Miss. regulators fine Arizona firms $5.7 million

JACKSON, Miss. (AP) — Mississippi regulators are ordering a pair of companies to pay a record $5.7 million fine for more than 1,000 violations of the state's do-not-call law.

Public Service Commissioners voted 3-0 Tuesday to impose the penalty, the largest the body has ever imposed under state laws banning unwanted telemarketing.

The fine was levied against Purchase Power Solutions LLC of Chandler, Ariz.; ELH Consulting of Tucson, Ariz.; and two directors, Lisa Miller and Emory L. Holley IV.

The companies and directors failed to respond to legal complaints from the Mississippi PSC. The commission levied the maximum $5,000 fine for each of 1,141 violations.

Until now, the largest fine imposed by Mississippi regulators for no-call violations had been the $945,000 levied in May against Roy M. Cox of Santa Ana, Calif.

Jeff Jernigan, a staff attorney for the PSC, said that the Arizona defendants were offering a service where people could consolidate debt. In one case, a consumer accepted the offer, was charged about $800 and received only two compact discs in the mail.

Mississippi commissioners used the vote to continue their tough talk against telemarketers.

"I want you to do whatever we have to do," said Southern District Commissioner Leonard Bentz, a Republican. "Take their kids if we have to. They need to go to jail."

There's no jail time associated with the PSC's action, though, because it's leveling a civil penalty, not a criminal one. Jernigan said defendants do own some land near Tucson that could be worth hundreds of thousands of dollars.

Northern District Commissioner Brandon Presley, a Democrat, urged Jernigan to turn the case over for criminal prosecution.

"I'd just ask you to share our case file with the attorney general's office and the Federal Trade Commission," Presley said.

Jernigan said Indiana authorities have also investigated the current situation.

For Miller, it's at least the third scrape with regulators over telemarketing violations. In 2004, the Federal Trade Commission ordered Miller and others to stop marketing a $399 service to protect financial information from unscrupulous telemarketers.

The FTC said Miller, Mike Stafford and a company they controlled called Vector Direct Marketing told consumers that information including their Social Security and bank account numbers was for sale on telemarketing lists. The defendants allegedly told consumers that a $399 call screening device could help them avoid becoming victims of identity theft, the federal regulators said.

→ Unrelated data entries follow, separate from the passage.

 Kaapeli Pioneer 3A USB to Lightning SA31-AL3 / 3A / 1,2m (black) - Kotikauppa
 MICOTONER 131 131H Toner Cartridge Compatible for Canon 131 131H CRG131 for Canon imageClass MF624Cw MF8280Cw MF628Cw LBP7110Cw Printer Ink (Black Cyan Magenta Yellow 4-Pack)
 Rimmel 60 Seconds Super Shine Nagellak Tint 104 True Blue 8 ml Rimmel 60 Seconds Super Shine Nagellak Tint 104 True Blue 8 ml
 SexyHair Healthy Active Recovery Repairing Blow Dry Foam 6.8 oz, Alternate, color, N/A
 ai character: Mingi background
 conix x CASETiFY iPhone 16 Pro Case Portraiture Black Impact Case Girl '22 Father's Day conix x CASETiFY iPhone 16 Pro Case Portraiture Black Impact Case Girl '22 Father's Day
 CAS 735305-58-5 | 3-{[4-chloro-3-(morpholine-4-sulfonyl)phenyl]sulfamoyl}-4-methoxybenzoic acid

But most consumers received little more than a $34.95 call-screening device that they could have bought at many stores.

The FTC ordered the defendants in that case to make restitution of $811,000, but suspended the penalty citing inability to pay. FTC spokesman Mitchell Katz said Tuesday that if it is determined that Miller misrepresented her financial condition, the federal government could still seek the money.

In 2010, the West Virginia attorney general sued Miller, Holley and Allied Corporate Connection, saying the company was offering "dubious" debt reduction services similar to those that regulators say they were offering in Mississippi. The defendants settled in March 2011, agreeing to refund $29,000 to customers there, according to West Virginia officials.